Western brasileiro estreia na Netflix

Premiado em Gramado, o longa O matador presta tributo ao bangue-bangue italiano

por Estadão Conteúdo 14/11/2017 08:00

Alan Vecchi/divulgação
Alan Vecchi/divulgação (foto: Alan Vecchi/divulgação)
Em maio, o Festival de Cannes fez história programando um longa da Netflix, Okja, na competição. O que deveria ser celebração virou polêmica, porque a provedora de filmes e séries via streaming anunciou que não o lançaria nos cinemas, nem na França. A organização do festival alvoroçou-se. Como um concorrente à Palma de Ouro não iria para as salas de cinema? Houve réplica e tréplica. Em agosto, foi a vez de o Festival de Gramado ceder à modernidade e programar um filme cuja existência, além do festival, se daria via streaming. O matador terminou levando alguns prêmios Kikito. O longa de Marcelo Galvão está disponível on demand desde sexta-feira.

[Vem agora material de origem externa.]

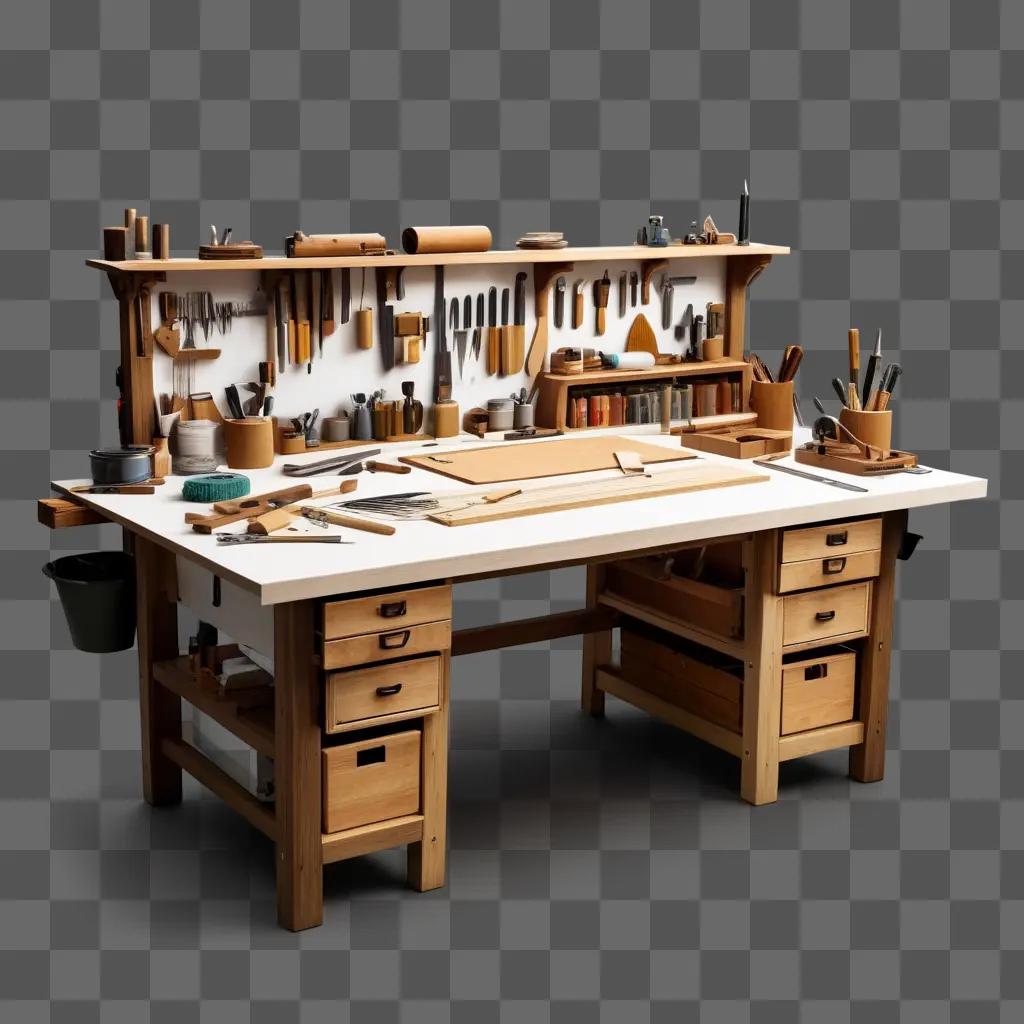 Crafting table with many tools and knives on it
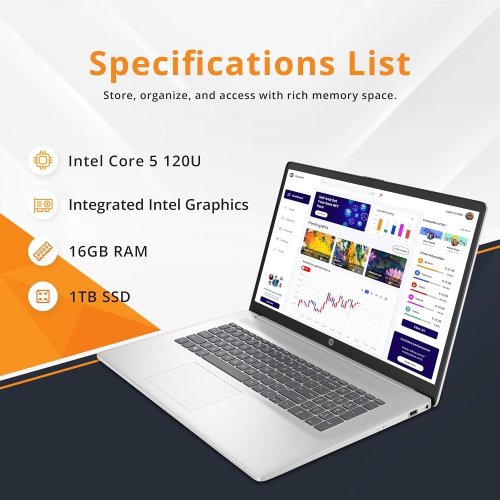 Refurbished - HP 17.3" FHD Business Laptop, Intel Core 5 120U, 1TB PCIe SSD, 16GB RAM, Intel Graphics, Backlit Keyboard, Bluetooth, Windows 11 Home,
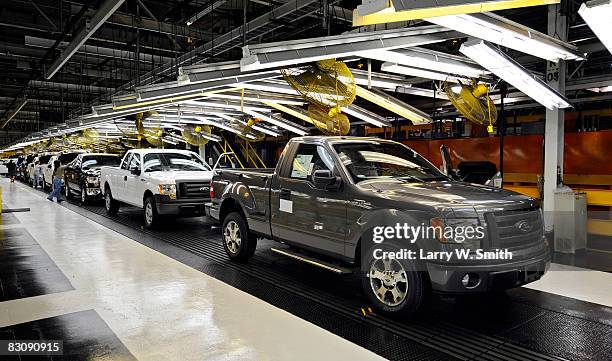 Ford pickups sit on the final assembly line at the Kansas City Ford Assembly plant October 2, 2008 in Claycomo, Missouri. Ford's Kansas City Assembly...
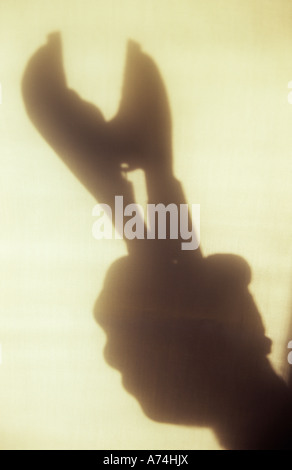 Shadow in warm light on pale cloth or curtain of hand holding self-grip or vice or vise wrench or adjustable spanne Stock Photo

O diretor é figurinha carimbada no festival gaúcho. Levou o Kikito de melhor filme, com Colegas, em 2012, e o de direção, com A despedida, em 2015. Nenhum dos dois é unanimidade. Colegas é sobre um grupo de portadores da síndrome de Down que caem na estrada. O diferencial é a condição dos protagonistas. Fora isso, e já é muito, há que reconhecer, o filme não tem nada de especial. A despedida marcou um upgrade. Juliana Paes é a amante jovem e fogosa do velho Almirante (Nelson Xavier).

Marcelo Galvão ama o cinema popular, e seus filmes dão conta disso. “Cresci vendo bangue-bangue spaghetti, daqueles bem italianos, com meu avô. Sempre quis fazer alguma coisa naquela linha, com muita ação. Não sei se a gente pode falar em heroísmo, porque existem diversos tipos de heróis na trama, e alguns até desaparecem cedo”, diz o diretor.

O matador conta a história de Cabeleira, interpretado por Diogo Morgado. Assassino temido no interior de Pernambuco, ele foi criado pelo cangaceiro Sete Orelhas, que o encontrou, abandonado, ainda bebê. O início, muito estilizado, mostra justamente a onça ameaçando o bebê e Sete Orelhas ao salvá-lo. Passam-se os anos e Cabeleira, adulto, procura o desaparecido Sete Orelhas. Essa busca o leva à cidadezinha controlada a ferro e fogo pelo cruel monsieur Blanchard. O choque é inevitável.

CONTRASTE
O matador dividiu o público na noite de abertura de Gramado. Foi exibido, em competição, logo após João, o maestro, fora de concurso. O longa de Mauro Lima sobre o maestro João Carlos Martins é muito bem produzido, e até bem feito. Dá tratamento sóbrio à história de um obcecado por sexo. Coincidência ou não, tem muito sexo e violência em O matador, mas o tratamento é propositalmente “sujo”, não no sentido moral, mas no estético. Isso valeu acusações a Galvão. Foi chamado de “sádico”.

Qualquer pessoa que se disponha a analisar criticamente os bons westerns italianos – os dos três Sergios: Leone, Sollima e Corbucci –, há de concordar que eles subvertiam os códigos de Hollywood justamente por ser cruéis. Hollywood, por meio de Henry Hathaway, terminou por assimilar essa crueldade, especialmente em Nevada Smith, com Steve McQueen. E hoje temos Quentin Tarantino. Se O matador é sádico, o que serão Django e Os oito odiados? Altruístas é que não, com certeza.

Cabeleira, tal como é criado por Diogo Morgado, divide-se entre a brutalidade e a ternura. Para o diretor, O matador é a história de um ogro (Sete Orelhas) que se humaniza em contato com a criança. Mais tarde, e com Cabeleira, essa história de certa forma vai se repetir. “Talvez esteja aí o traço de heroísmo mais claro dessa história”, admite Galvão.

Em Gramado, O matador ganhou os Kikitos de fotografia (Fabrício Tadeu) e trilha musical (Ed Côrtes). Do elenco participa a atriz (e diretora) portuguesa Maria de Medeiros. Galvão a conheceu, ofereceu o papel e a estrela de Tarantino e Manoel de Oliveira não só aceitou, como disse que sempre quis fazer uma personagem como a que interpreta no filme brasileiro.